Problem details
Write out the entire listing below exactly, with the pictures left out.

Data shown
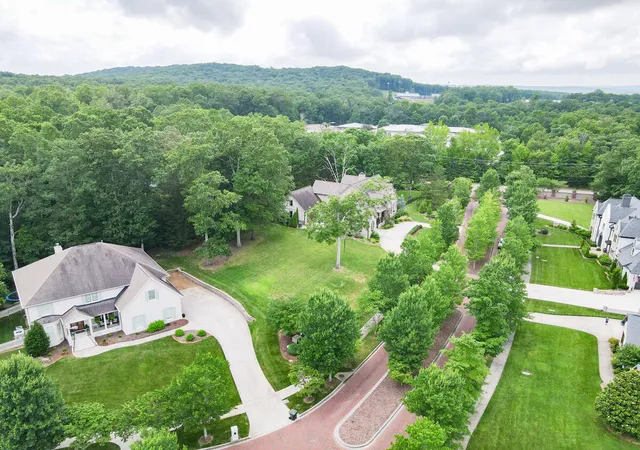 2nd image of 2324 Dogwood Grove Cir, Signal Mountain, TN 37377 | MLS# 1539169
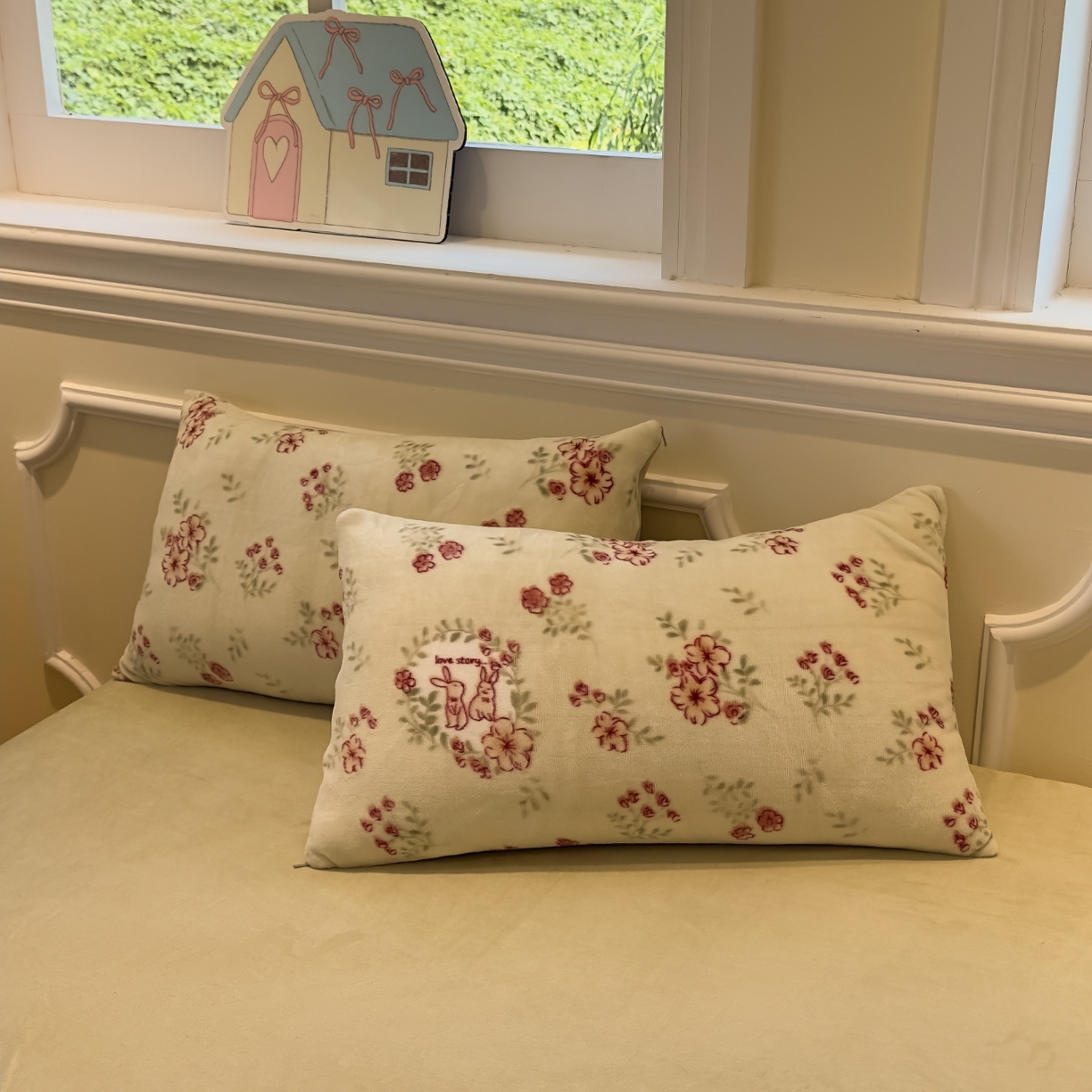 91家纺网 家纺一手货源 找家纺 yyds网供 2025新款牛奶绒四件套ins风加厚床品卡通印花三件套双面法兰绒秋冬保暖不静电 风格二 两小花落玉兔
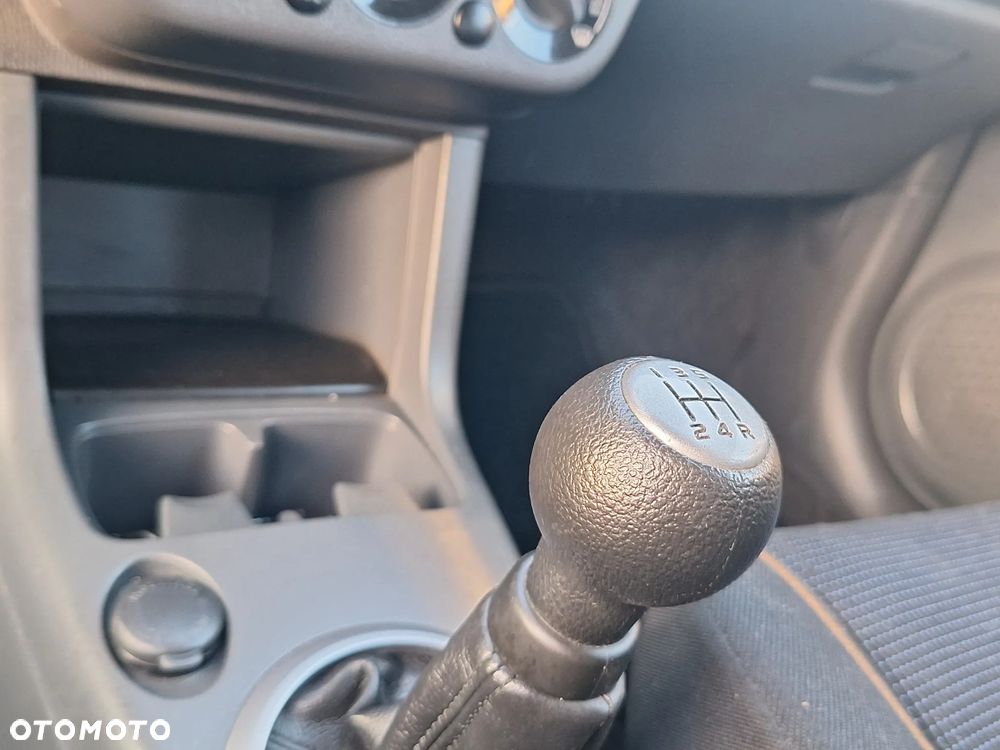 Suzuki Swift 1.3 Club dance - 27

The completed task
 2nd image of 2324 Dogwood Grove Cir, Signal Mountain, TN 37377 | MLS# 1539169
 91家纺网 家纺一手货源 找家纺 yyds网供 2025新款牛奶绒四件套ins风加厚床品卡通印花三件套双面法兰绒秋冬保暖不静电 风格二 两小花落玉兔
 Suzuki Swift 1.3 Club dance - 27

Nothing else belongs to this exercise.